▶ _Brief_
Please reproduce all of the listing below exactly and drop its images.

▶ _Data extract_
=== Begin Enclosure ===
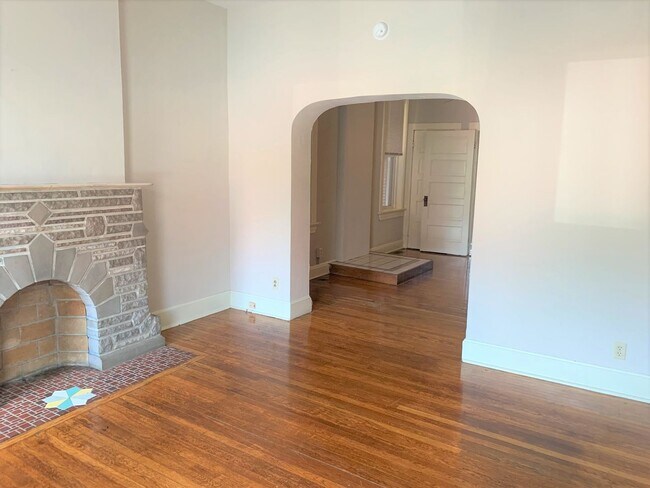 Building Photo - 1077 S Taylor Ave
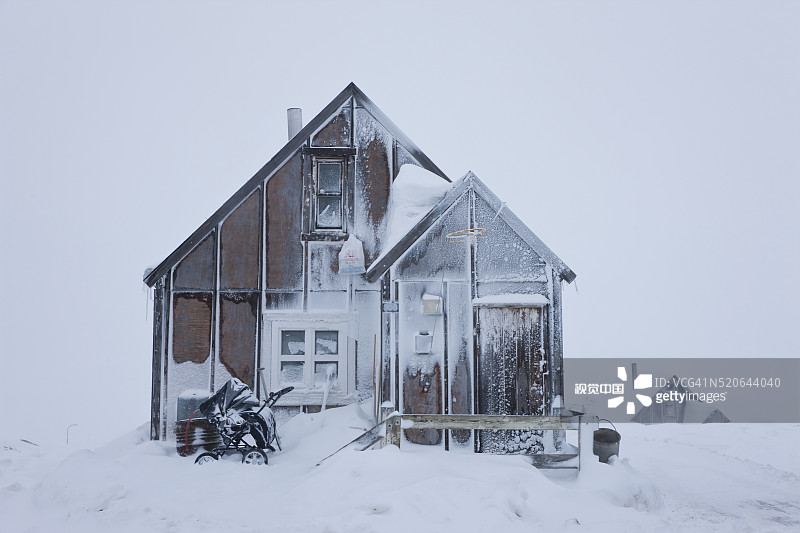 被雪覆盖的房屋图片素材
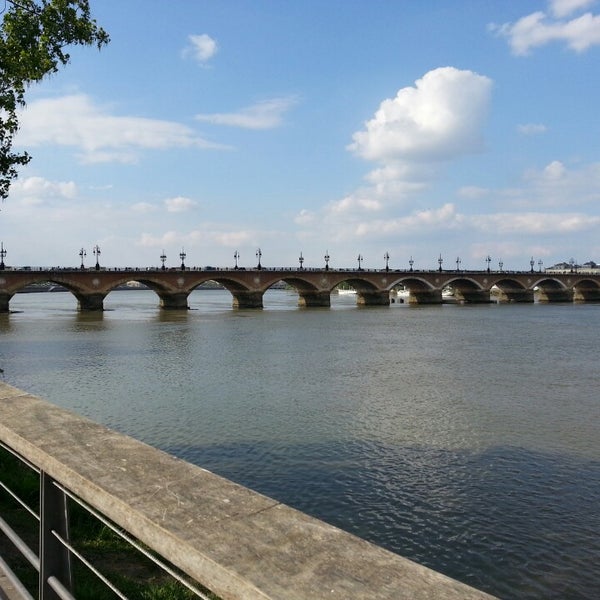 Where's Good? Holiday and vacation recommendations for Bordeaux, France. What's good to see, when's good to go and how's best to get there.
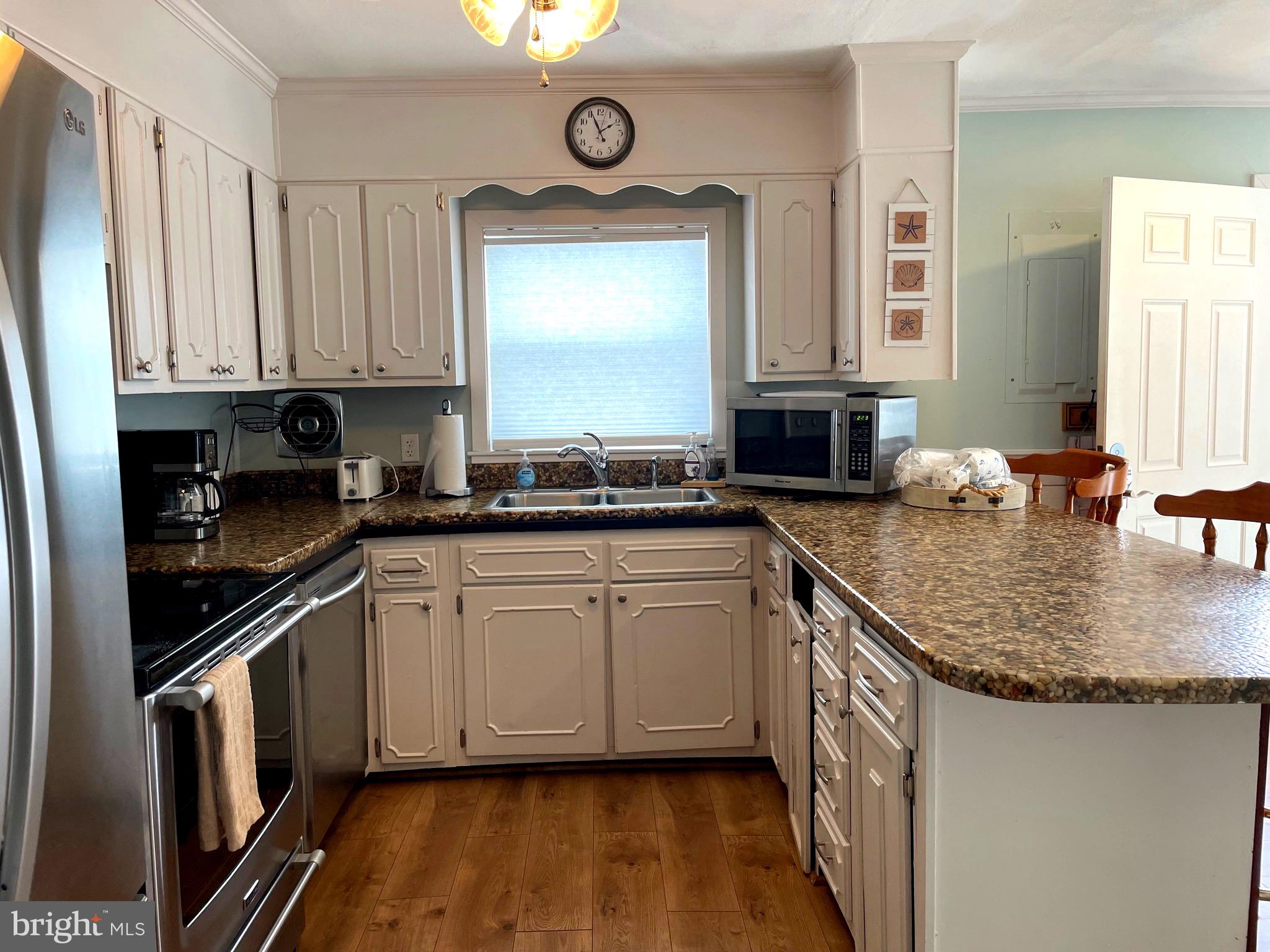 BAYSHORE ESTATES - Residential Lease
=== End Enclosure ===
▶ _Exercise solution_
 Building Photo - 1077 S Taylor Ave
 被雪覆盖的房屋图片素材
 Where's Good? Holiday and vacation recommendations for Bordeaux, France. What's good to see, when's good to go and how's best to get there.
 BAYSHORE ESTATES - Residential Lease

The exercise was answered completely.